The Justice Ministry is working on a bill that will give police the right to examine the personal data of anyone suspected of conducting an offense online.
Service providers will also have to take immediate steps to preserve any information that pertains to someone suspected of an electronic crime.
Police will also be allowed to conduct their investigations in real time and not have to wait for an offense to be committed in order to collect information about a suspect.
Authorities came up against a brick wall yesterday in their attempt to find out who had posted an allegedly libelous story on the press-gr blog while using a computer inside Parliament.
The blog has come under scrutiny after more than 150 people filed libel suits against the people that run it. One of the controversial items appears to have been uploaded by an MP or someone else working in Parliament.
However, Parliament’s general secretary Nikos Stefanou said yesterday that the Internet Protocol (IP) address provided by the police is one of 25 that is available to some 1,500 computer users in the House. He also said that there was no system set up to monitor the use of computers in Parliament.

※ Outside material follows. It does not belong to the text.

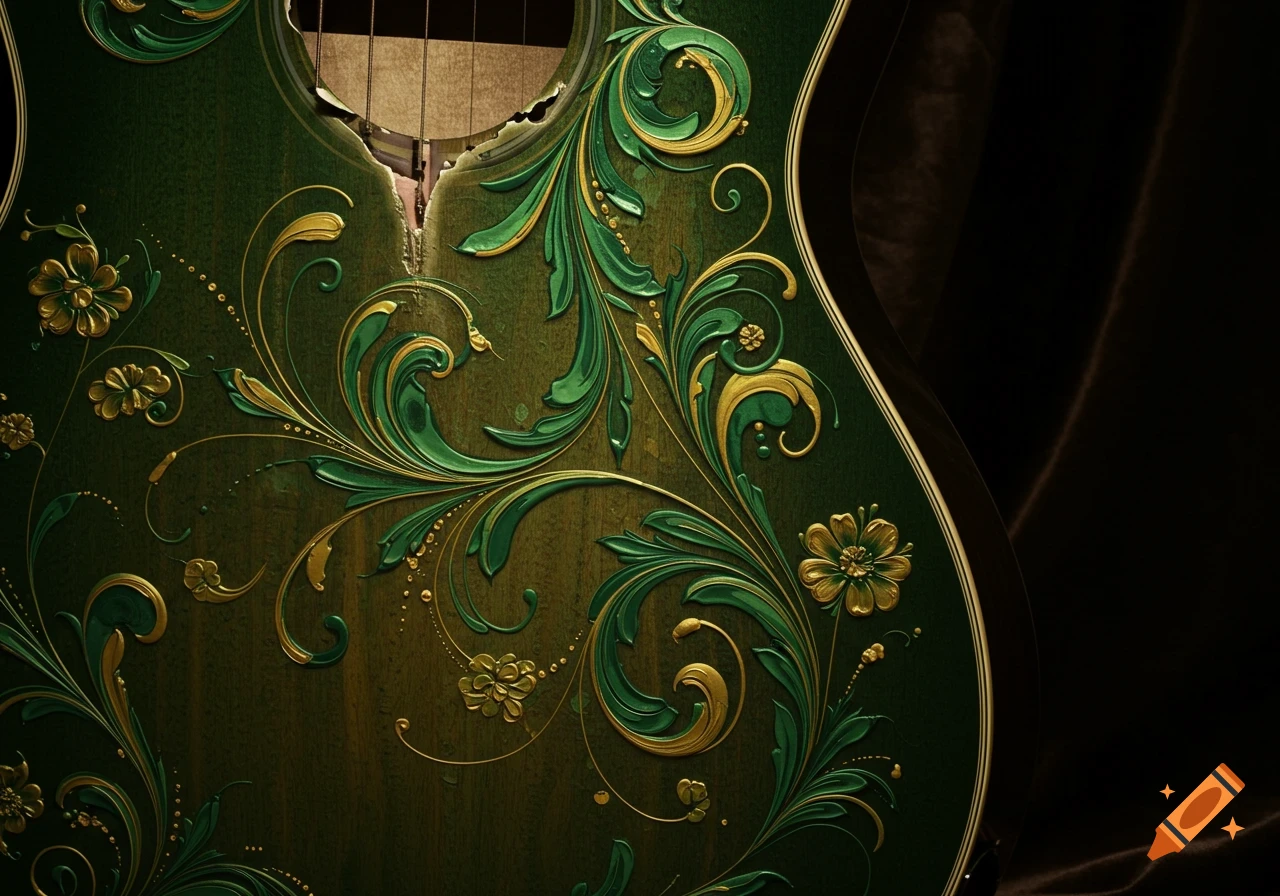 Close-up of a dark green acoustic guitar adorned with intricate gold and light green floral carvings.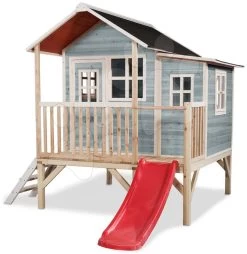 EXIT TOYS EXIT Loft 350 Holzspielhaus - Blau -Spielzeug Theater Verkäufe 50041500 d exittoys domcek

Officers also checked out two other places from where messages were posted on the blog. Both were Internet cafes, one on Syngrou Avenue and one near Syntagma Square.
Press-gr is a news blog that hosts comments on politics, social and diplomatic issues by users who are frequently anonymous and often use abusive language. The blog is hosted by Web search giant Google, which has agreed to help Greek authorities with their enquiries.
UPDATE > March 1, 2008 >>> No threat to blogs, says PM
Prime Minister Costas Karamanlis denied yesterday opposition accusations that the government is seeking to clamp down on the freedom of Internet users in the wake of a probe into a news blog that prompted defamation suits from government politicians.
PASOK leader George Papandreou accused the government of «viewing every young person with a computer as a potentially dangerous blogger» after the Justice Ministry announced plans this week to give authorities greater powers to look into possible offenses conducted online.
Coalition of the Radical Left (SYRIZA) politician Nikos Voutsis said the government was in danger of «throwing the baby out with the bath water.» «We must not develop a prosecutor’s culture with regard to blogs,» said Voutsis.
Karamanlis said that the government has no intention of reining in the freedom of bloggers to express themselves and that Greece is simply adopting international regulations that it is obliged to make part of its legal framework.